And a third sort of future was a farm where the farmers are what Humble called “very hippy-dippy”. The sheep lead very stress free lives, with a lot of interaction with people & many lambs hand-reared. So they’re happy sheep, and the farm wins awards for the quality of the meat. A future for the elite – where quality over quantity counts.

It was a fun series to watch, with lots of interesting stuff about how different people live as well as about the sheep (or alpacas).

Wild Shepherdess with Kate Humble; The Most Dangerous Man in Tudor England

The second episode of Wild Shepherdess with Kate Humble was all about alpaca farming in Peru. In the first half of the programme she stayed with a family who herd alpacas in a traditional way. To feed themselves they grow potatoes and keep guinea pigs.

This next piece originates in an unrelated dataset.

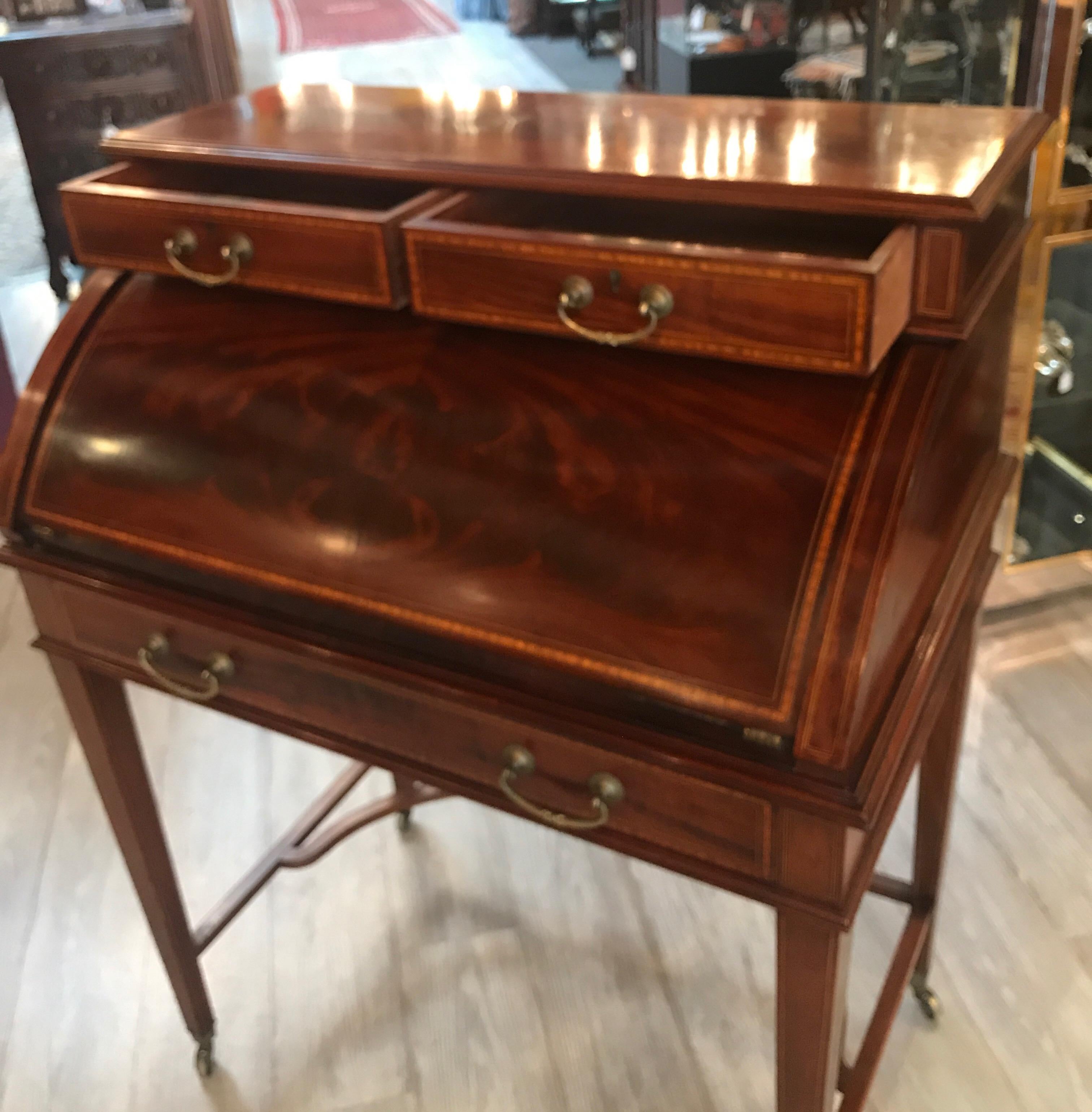 Edwardian Antique Flame Mahogany Inlaid Fall Front Desk with Inlay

The guinea pigs have free reign of the house & are fed on the potato greens so they’re combination pet, recycler & dinner. According to Humble they taste like dark chicken meat. The alpacas are kept for their fibre – it’s not wool apparently, but that’s a technical distinction of some sort because it’s the equivalent of wool in all ways. The family shear the alpacas by hand with a kitchen knife, and then keep some of the fibre for themselves to spin and then make the very brightly coloured cloth that the region is famous for. The rest of the fibre is sold to a middleman who sells it on to the cloth industry. Because their herd is not pure-bred alpaca they don’t get much money for the fibre. In general their lives are hard, but they prefer it to moving to a city where the standard of living would in some ways be lower.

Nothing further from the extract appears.